I myself would probably choose the word “joy” over “happiness”; but surely Spinoza and Spira are saying the same thing, essentially.

In my own experience – and an experience is, as Spira points out, necessarily second-hand, a mere carrier for the instant – the dropping away of the clouds, whether of unhappiness or of craving or simple self-regarding, reveals a bright stillness that is nothing other than the open ground itself, endlessly beyond life or death or identity. It is no thing, being itself, and holds all the “ten thousand things” (Laozi) in its isness. To know that – which is to say, be that – is the parting of the clouds Spira describes; Spinoza’s “blessedness” (Beatitudo). It is not so much an epistemological shift as an ontological one: not what (or how) one knows, but what one knows one is.

Chasing after experiences

If we’re referencing “being awake” or “liberation” to a particular experience or state of mind—maybe a very expanded, open, peaceful feeling—that will inevitably prove disappointing because that state will disappear. The open aware presence it reveals is simply what remains when the me-system is quiet or when it is totally accepted as simply the weather of this moment. That open boundless aware presence is actually ever-present, even when apparently obscured by obsessive, me-centered thoughts. It is the common factor in every different experience. And those thoughts are nothing other than this same aliveness, the One Reality, showing up as thoughts. Experience is ever-changing like the weather. It’s never personal. It’s a happening of the whole universe. But if we take the stormy, cloudy, foggy weather personally, then it seems like we have lost that expanded openness that we tasted before. If we imagine that there is a persisting, independent self (“me”) who is either awake or not awake, that is only an imagination. No such persisting, independent self can be found. There is no experiencer outside of experiencing. Clinging to or chasing after experiences of spaciousness is a great way to avoid them. And eventually, we see that every experience, whether contracted or expanded, clear or muddy, is always just this.

Joan Tollifson, Silence

I think that perhaps Tollifson has expressed here more clearly than anything I can remember reading why I tend increasingly to be suspicious of teachings that rely too much on technique – whether the use of any form of psychedelic substance, or any sort of psychological manipulation aimed at inducing particular experiences or “altered states”.
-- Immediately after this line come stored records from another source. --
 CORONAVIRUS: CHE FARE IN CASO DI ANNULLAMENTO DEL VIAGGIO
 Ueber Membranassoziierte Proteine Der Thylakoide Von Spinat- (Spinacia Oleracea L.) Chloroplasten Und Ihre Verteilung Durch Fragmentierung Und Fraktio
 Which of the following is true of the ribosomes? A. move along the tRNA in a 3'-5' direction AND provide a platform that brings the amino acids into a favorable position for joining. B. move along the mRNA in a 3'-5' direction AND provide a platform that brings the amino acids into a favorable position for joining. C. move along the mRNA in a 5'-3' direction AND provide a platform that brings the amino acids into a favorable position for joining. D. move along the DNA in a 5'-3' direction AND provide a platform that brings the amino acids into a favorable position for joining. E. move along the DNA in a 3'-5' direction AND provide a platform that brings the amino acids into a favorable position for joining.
As Joan points out here, the “open aware presence” of the contemplative mind is “nothing other than this same aliveness, the One Reality, showing up as…” whatever happens to be in our field of awareness right now. It might be the gentle passage of breath against the edge of our nostrils, or the bright stillness of the quiet mind; but it might just as easily be the grumble of a bus pulling away from the stop in the street outside, or a sudden metallic clang from the water company yard behind the old reservoir. Or it might be an old fear, or an old fantasy, or something we forgot to buy at the shops, rising unbidden to the surface of memory. Whatever the field of awareness contains now is just what it is. There is nothing else for it to be; and looking for another, better, experience is plain old fashioned confusion.
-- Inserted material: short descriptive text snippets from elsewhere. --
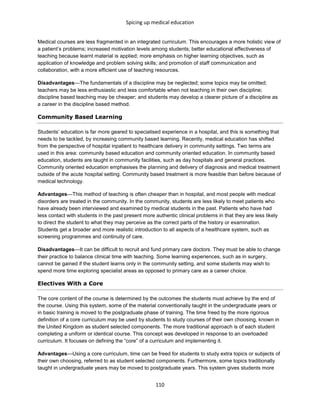 Spicing up medical education
110
Medical courses are less fragmented in an integrated curriculum. This encourages a more holistic view of
a patient’s problems; increased motivation levels among students; better educational effectiveness of
teaching because learnt material is applied; more emphasis on higher learning objectives, such as
application of knowledge and problem solving skills; and promotion of staff communication and
collaboration, with a more efficient use of teaching resources.
Disadvantages—The fundamentals of a discipline may be neglected; some topics may be omitted;
teachers may be less enthusiastic and less comfortable when not teaching in their own discipline;
discipline based teaching may be cheaper; and students may develop a clearer picture of a discipline as
a career in the discipline based method.
Community Based Learning
Students’ education is far more geared to specialised experience in a hospital, and this is something that
needs to be tackled, by increasing community based learning. Recently, medical education has shifted
from the perspective of hospital inpatient to healthcare delivery in community settings. Two terms are
used in this area: community based education and community oriented education. In community based
education, students are taught in community facilities, such as day hospitals and general practices.
Community oriented education emphasises the planning and delivery of diagnosis and medical treatment
outside of the acute hospital setting. Community based treatment is more feasible than before because of
medical technology.
Advantages—This method of teaching is often cheaper than in hospital, and most people with medical
disorders are treated in the community. In the community, students are less likely to meet patients who
have already been interviewed and examined by medical students in the past. Patients who have had
less contact with students in the past present more authentic clinical problems in that they are less likely
to direct the student to what they may perceive as the correct parts of the history or examination.
Students get a broader and more realistic introduction to all aspects of a healthcare system, such as
screening programmes and continuity of care.
Disadvantages—It can be difficult to recruit and fund primary care doctors. They must be able to change
their practice to balance clinical time with teaching. Some learning experiences, such as in surgery,
cannot be gained if the student learns only in the community setting, and some students may wish to
spend more time exploring specialist areas as opposed to primary care as a career choice.
Electives With a Core
The core content of the course is determined by the outcomes the students must achieve by the end of
the course. Using this system, some of the material conventionally taught in the undergraduate years or
in basic training is moved to the postgraduate phase of training. The time freed by the more rigorous
definition of a core curriculum may be used by students to study courses of their own choosing, known in
the United Kingdom as student selected components. The more traditional approach is of each student
completing a uniform or identical course. This concept was developed in response to an overloaded
curriculum. It focuses on defining the “core” of a curriculum and implementing it.
Advantages—Using a core curriculum, time can be freed for students to study extra topics or subjects of
their own choosing, referred to as student selected components. Furthermore, some topics traditionally
taught in undergraduate years may be moved to postgraduate years. This system gives students more
 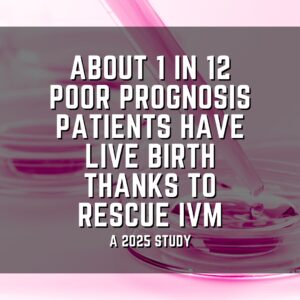 About 1 in 12 poor prognosis patients have live birth thanks to rescue IVM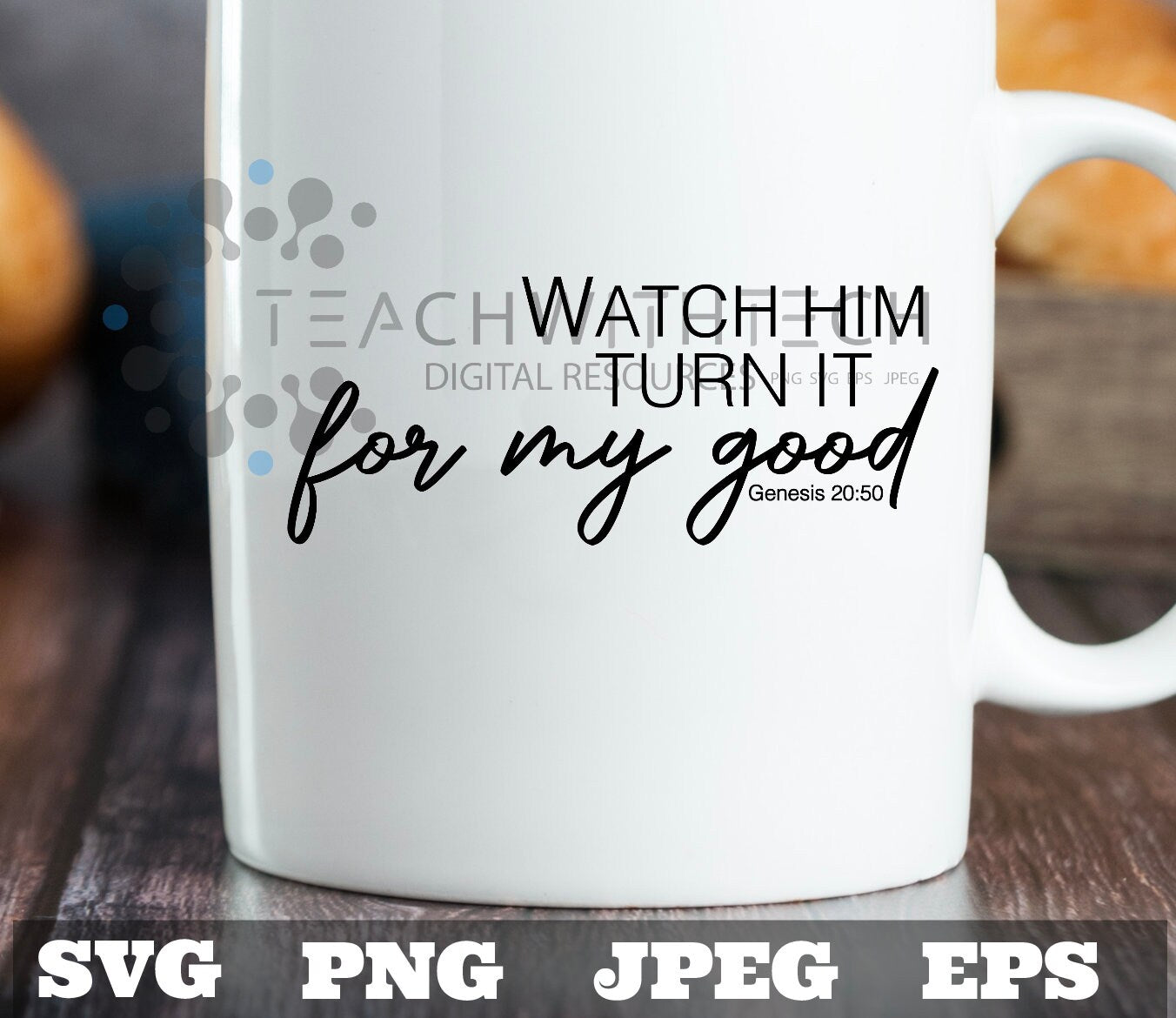 Watch Him Turn It For My Good SVG png jpeg eps - Christian T Shirt Cricut Cut file, Faith Png, Bible Svg, Jesus Download Genesis 20:50 Cut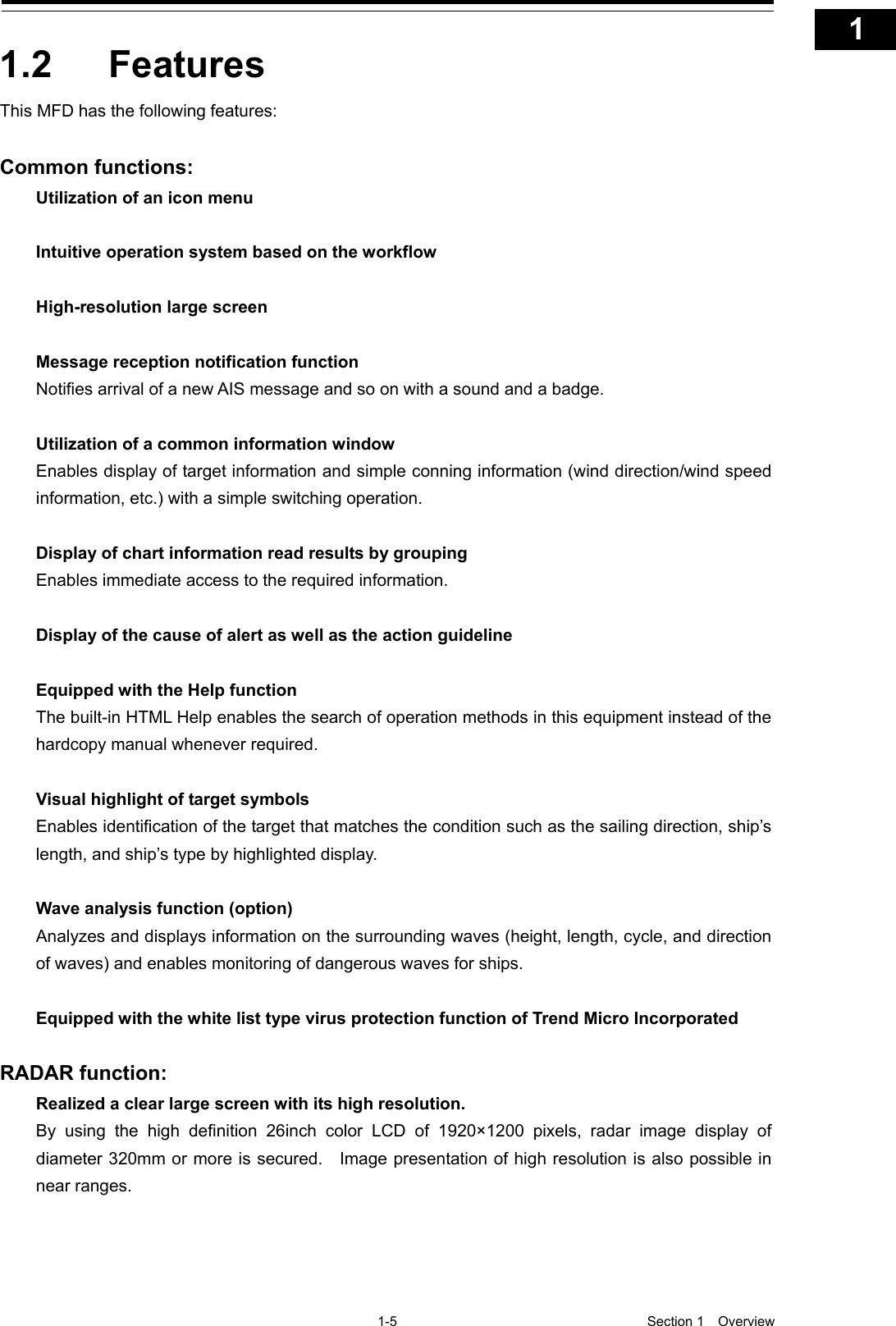   1-5  Section 1  Overview    1  2  3  4  5  6  7  8  9  10  11  12  13  14  15  16  17  18  19  20  21  22  23  24  25  26  27  付録    1.2  Features This MFD has the following features:  Common functions: Utilization of an icon menu  Intuitive operation system based on the workflow  High-resolution large screen  Message reception notification function Notifies arrival of a new AIS message and so on with a sound and a badge.  Utilization of a common information window Enables display of target information and simple conning information (wind direction/wind speed information, etc.) with a simple switching operation.  Display of chart information read results by grouping Enables immediate access to the required information.  Display of the cause of alert as well as the action guideline  Equipped with the Help function The built-in HTML Help enables the search of operation methods in this equipment instead of the hardcopy manual whenever required.  Visual highlight of target symbols Enables identification of the target that matches the condition such as the sailing direction, ship’s length, and ship’s type by highlighted display.  Wave analysis function (option) Analyzes and displays information on the surrounding waves (height, length, cycle, and direction of waves) and enables monitoring of dangerous waves for ships.  Equipped with the white list type virus protection function of Trend Micro Incorporated  RADAR function: Realized a clear large screen with its high resolution. By using the high definition 26inch color LCD of 1920×1200 pixels, radar image display of diameter 320mm or more is secured.    Image presentation of high resolution is also possible in near ranges.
When we do nothing but practice sitting still for a certain amount of time each day, it becomes clear that past and future are an illusion. There is no past. There is no future. There is only this moment. This one tiny moment. That’s all there is…

Attainment always happens in the future or in the past. It’s always a matter of comparing the state at one moment to the state at another moment. But it makes no sense to compare one moment to any other moment. Every moment is complete unto itself. It contains what it contains and lacks what it lacks. Or perhaps it lacks nothing because each moment is the entire universe.
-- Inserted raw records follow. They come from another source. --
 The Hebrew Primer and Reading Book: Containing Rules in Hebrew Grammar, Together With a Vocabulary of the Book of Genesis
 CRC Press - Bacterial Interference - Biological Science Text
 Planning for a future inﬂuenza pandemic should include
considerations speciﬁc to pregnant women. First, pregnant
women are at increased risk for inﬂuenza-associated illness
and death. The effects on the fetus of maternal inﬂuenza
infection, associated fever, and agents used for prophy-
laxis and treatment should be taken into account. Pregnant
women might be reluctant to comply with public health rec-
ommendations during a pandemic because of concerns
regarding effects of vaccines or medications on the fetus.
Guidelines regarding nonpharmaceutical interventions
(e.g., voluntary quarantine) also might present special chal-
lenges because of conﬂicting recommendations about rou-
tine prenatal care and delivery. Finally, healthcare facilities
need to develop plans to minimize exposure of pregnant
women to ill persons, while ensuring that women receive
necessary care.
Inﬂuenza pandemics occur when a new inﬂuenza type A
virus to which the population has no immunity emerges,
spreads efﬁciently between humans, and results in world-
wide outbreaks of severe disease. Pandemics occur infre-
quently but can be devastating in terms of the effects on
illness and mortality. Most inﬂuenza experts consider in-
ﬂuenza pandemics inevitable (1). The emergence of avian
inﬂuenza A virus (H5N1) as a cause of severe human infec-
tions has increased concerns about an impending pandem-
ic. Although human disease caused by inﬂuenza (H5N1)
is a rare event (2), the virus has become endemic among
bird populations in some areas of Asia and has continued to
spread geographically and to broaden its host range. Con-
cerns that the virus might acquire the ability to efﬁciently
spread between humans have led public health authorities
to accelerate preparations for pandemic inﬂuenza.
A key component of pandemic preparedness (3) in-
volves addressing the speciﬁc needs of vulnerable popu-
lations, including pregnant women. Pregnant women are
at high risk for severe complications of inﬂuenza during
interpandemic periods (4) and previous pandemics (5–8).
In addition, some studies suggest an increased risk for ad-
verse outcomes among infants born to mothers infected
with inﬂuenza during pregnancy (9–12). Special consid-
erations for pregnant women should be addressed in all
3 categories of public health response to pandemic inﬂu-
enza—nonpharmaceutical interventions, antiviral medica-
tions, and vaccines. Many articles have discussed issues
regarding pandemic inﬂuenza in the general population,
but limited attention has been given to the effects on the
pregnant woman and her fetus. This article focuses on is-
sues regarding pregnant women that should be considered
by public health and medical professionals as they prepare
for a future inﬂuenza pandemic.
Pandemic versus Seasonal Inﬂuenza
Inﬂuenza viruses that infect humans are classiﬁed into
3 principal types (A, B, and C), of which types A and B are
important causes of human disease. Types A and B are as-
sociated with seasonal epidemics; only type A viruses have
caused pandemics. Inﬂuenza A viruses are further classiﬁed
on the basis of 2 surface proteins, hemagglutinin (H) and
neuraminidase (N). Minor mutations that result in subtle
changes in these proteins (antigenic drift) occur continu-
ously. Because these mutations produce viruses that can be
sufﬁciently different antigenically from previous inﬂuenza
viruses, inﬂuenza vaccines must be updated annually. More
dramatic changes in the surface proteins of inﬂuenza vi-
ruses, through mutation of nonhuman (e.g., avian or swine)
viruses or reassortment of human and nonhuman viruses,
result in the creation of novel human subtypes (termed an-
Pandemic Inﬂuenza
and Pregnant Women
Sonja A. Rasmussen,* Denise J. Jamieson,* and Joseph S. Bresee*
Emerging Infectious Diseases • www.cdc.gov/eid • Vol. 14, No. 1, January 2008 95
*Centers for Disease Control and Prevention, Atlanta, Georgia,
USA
Brad Warner, The Other Side of Nothing: The Zen Ethics of Time, Space and Being

Open awareness

I had not a dispute but a disquisition with Dilke, upon various subjects; several things dove-tailed in my mind, and at once it struck me what quality went to form a Man of Achievement, especially in Literature, and which Shakespeare possessed so enormously—I mean Negative Capability, that is, when a man is capable of being in uncertainties, mysteries, doubts, without any irritable reaching after fact and reason—Coleridge, for instance, would let go by a fine isolated verisimilitude caught from the Penetralium of mystery, from being incapable of remaining content with half-knowledge. This pursued through volumes would perhaps take us no further than this, that with a great poet the sense of Beauty overcomes every other consideration, or rather obliterates all consideration.

John Keats, The Complete Works of John Keats: Poems, Plays & Personal Letters, p.763

Slowly it is being borne in upon me that open awareness is not so much a state of mind among other states of mind, but mind itself. Forgive me if I quote here again a summary of Spinoza’s three kinds of knowledge, but it may help to refresh our minds:

In Ethics (Part II, Proposition 40, Scholium 2), Spinoza outlines three kinds of knowledge:

  1. Opinion or Imagination (opinio): Based on sensory experience and hearsay—fragmentary and often confused.
  2. Reason (ratio): Deductive, conceptual understanding of things through their common properties—clearer, but still mediated.
  3. Intuitive Knowledge (scientia intuitiva): A direct, immediate grasp of things through their essence in God—non-discursive, holistic, and transformative.

Spinoza writes that intuitive knowledge “proceeds from an adequate idea of the formal essence of certain attributes of God to the adequate knowledge of the essence of things.” It’s not inference—it’s seeing.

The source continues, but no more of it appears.